Research Paper finds Bitcoin spreads ‘like a virus’
Bitcoin price and adoption figures follow mathematical rules found in nature, claims a new paper from the international Social Science and Research Network (SSRN).
A new research paper suggests that the growth and price of bitcoin is likely to proceed according to a relatively straightforward mathematical model – similar to the growth curves of Facebook and other networks.
In the paper, Timothy Peterson of Cane Island Alternative Advisors summarises:
We derive the relationships between price, number of users, and time, and show that the resulting market capitalizations likely follow a Gompertz sigmoid growth function. This function, historically used to describe the growth of biological organisms like bacteria, tumors, and viruses, likely has some application to network economics.
Peterson has previously explored the relationship between network size and crypto price in his paper, ‘Metcalfe’s Law as a Model for Bitcoin’s Value’. He starts out by noting that price developments are generally highly correlated with changes in fundamental on-chain factors such as the total number of wallets, active addresses, unique addresses, and transaction activity. Bitcoin, however, is a young and ‘noisy’ market, and fundamental measures of value should be overlaid with speculative activity, which carries the price far in excess of its baseline.

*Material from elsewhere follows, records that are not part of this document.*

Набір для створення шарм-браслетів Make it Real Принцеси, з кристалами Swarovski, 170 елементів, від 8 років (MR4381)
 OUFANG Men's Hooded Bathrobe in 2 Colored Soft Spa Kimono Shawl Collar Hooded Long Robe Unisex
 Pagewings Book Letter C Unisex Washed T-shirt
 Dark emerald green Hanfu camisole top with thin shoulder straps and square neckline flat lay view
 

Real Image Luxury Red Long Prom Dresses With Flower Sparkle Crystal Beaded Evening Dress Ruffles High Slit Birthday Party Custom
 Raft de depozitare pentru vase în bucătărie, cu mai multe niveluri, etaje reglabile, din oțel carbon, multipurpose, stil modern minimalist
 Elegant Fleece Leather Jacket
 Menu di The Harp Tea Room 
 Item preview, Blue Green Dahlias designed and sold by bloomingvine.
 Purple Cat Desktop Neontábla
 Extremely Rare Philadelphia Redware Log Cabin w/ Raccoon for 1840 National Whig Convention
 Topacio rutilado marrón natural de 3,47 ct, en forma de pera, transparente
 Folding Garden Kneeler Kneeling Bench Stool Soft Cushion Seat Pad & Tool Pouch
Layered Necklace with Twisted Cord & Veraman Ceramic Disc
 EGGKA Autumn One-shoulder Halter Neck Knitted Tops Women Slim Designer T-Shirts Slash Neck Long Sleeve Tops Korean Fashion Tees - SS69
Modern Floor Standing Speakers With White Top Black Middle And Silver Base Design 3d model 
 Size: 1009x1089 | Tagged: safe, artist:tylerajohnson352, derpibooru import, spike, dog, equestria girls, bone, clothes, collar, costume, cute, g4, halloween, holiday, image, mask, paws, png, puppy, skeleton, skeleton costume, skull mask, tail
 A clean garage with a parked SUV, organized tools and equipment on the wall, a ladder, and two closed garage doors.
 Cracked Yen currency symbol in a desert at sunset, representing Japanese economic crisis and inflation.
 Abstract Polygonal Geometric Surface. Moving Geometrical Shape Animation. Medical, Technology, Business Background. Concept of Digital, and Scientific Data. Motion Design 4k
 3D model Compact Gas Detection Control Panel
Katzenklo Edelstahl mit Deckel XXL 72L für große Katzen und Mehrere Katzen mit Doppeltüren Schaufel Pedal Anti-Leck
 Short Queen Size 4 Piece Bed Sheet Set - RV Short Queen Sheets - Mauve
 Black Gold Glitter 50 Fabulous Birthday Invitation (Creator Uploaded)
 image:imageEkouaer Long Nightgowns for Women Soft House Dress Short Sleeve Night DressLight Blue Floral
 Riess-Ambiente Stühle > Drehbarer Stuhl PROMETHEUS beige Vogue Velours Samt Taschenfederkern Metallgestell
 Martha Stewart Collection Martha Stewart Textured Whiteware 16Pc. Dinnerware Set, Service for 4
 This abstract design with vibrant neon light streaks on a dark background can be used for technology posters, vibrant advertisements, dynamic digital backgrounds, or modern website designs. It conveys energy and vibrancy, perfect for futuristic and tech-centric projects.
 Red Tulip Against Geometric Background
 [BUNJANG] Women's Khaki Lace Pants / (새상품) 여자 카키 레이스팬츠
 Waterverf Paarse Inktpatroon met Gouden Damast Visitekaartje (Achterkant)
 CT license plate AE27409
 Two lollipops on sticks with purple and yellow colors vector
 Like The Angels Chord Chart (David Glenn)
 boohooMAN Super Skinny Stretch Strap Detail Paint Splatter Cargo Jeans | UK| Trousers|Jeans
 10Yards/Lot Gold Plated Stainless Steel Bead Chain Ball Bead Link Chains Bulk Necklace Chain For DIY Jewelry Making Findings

Plotting bitcoin’s growth since its inception, the author states: that the base price for bitcoin can be derived from the time since its inception. Peterson’s chart shows that, for substantial stretches of bitcoin’s history, the data has neatly fitted his equation: ‘bitcoin’s lognormal price P with respect to time t is a near-perfect horizontal parabolic arc.’ The ‘clean price’ can be shown to fit the price given by the parabolic arc.
In between these periods, the ‘manipulated price’ – time of intense speculative activity or bubbles – lifts the price off the parabolic curve. Bitcoin’s current price – just under $4,000 at the time of writing – matches closely with the parabolic line, indicating that BTC is ‘fair value’.
A very similar relationship can be observed for Facebook, by plotting share price against time. Charting monthly active users against log scale square root time also shows a convincing correlation. This precedent in the tech sector indicates the validity of using the network effect as a tool for long-term price analysis.
Peterson does not use the model to predict future price rises, though his clear implication is that this must ultimately be a by-product of an expanding user base.
‘Over time price tends toward value. The model we have presented serves as a backdrop against which potential information can be evaluated. It does not predict that bitcoin’s price will soar or crash. Rather, it suggests that the probability of those extreme those events is very small because ultimately number of users drives price.’